_Assignment_: Once the line with "Polo Ralph Lauren Cap in Rot: Vorderseite" is found in the entries below, repeat it and each following line exactly, up to and including the line with "Nivea Men Protege". Add no other lines.

_Data in this exercise_:
_ _ _ _ _

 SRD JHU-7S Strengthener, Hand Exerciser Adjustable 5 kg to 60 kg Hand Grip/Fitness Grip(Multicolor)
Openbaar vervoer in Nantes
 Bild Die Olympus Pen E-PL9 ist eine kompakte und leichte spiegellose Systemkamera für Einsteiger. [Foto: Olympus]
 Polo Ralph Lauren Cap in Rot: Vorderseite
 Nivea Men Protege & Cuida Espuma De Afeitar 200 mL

_ _ _ _ _

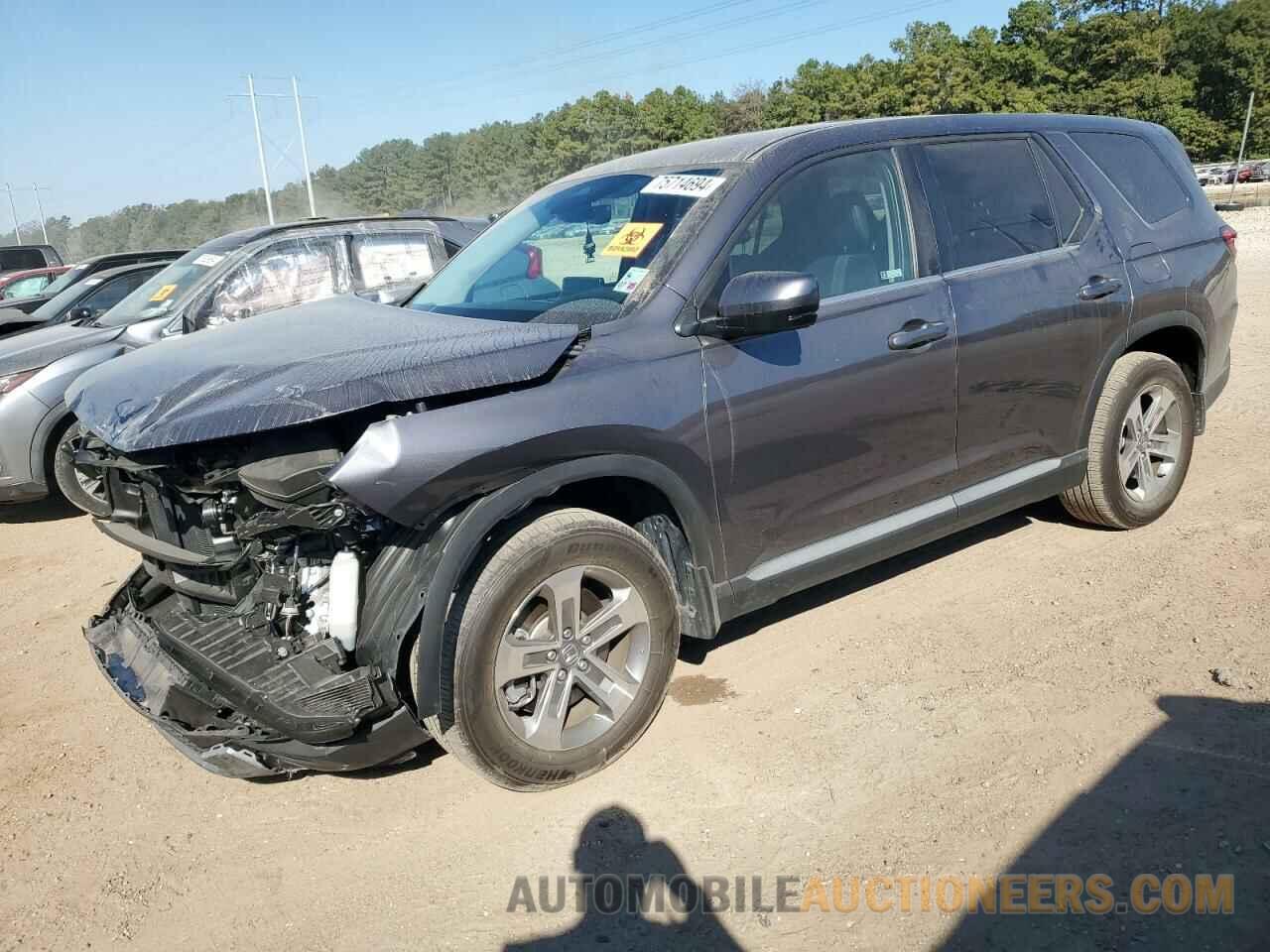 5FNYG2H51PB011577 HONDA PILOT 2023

_ _ _ _ _

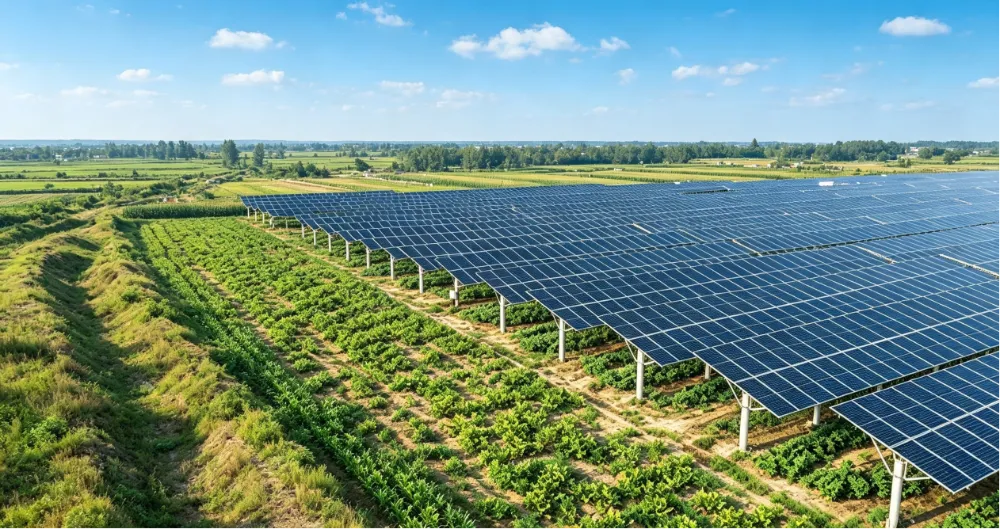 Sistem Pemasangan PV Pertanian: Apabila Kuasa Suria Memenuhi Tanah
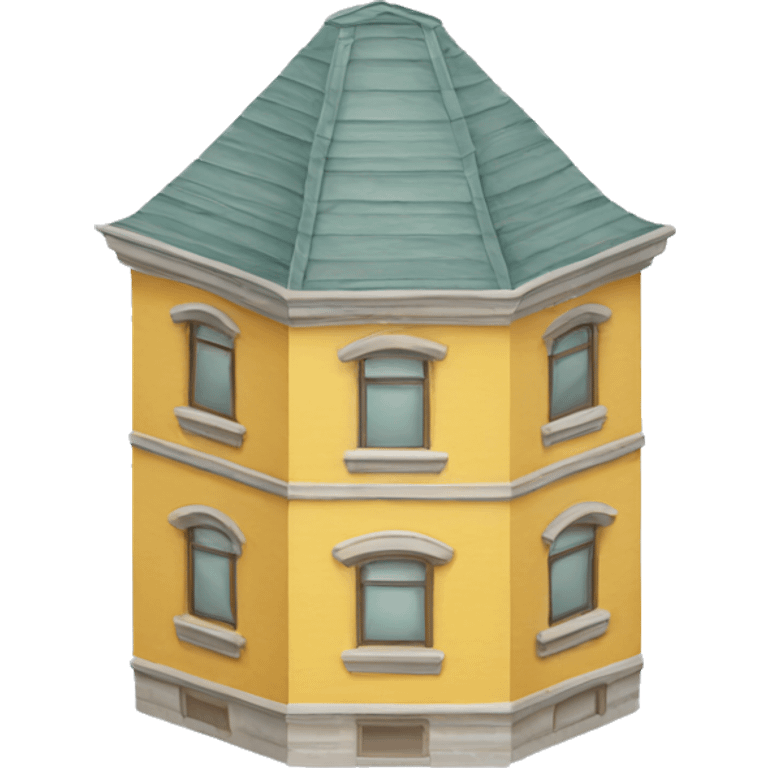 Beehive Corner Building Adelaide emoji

_ _ _ _ _

_Result of the exercise_:
 Polo Ralph Lauren Cap in Rot: Vorderseite
 Nivea Men Protege & Cuida Espuma De Afeitar 200 mL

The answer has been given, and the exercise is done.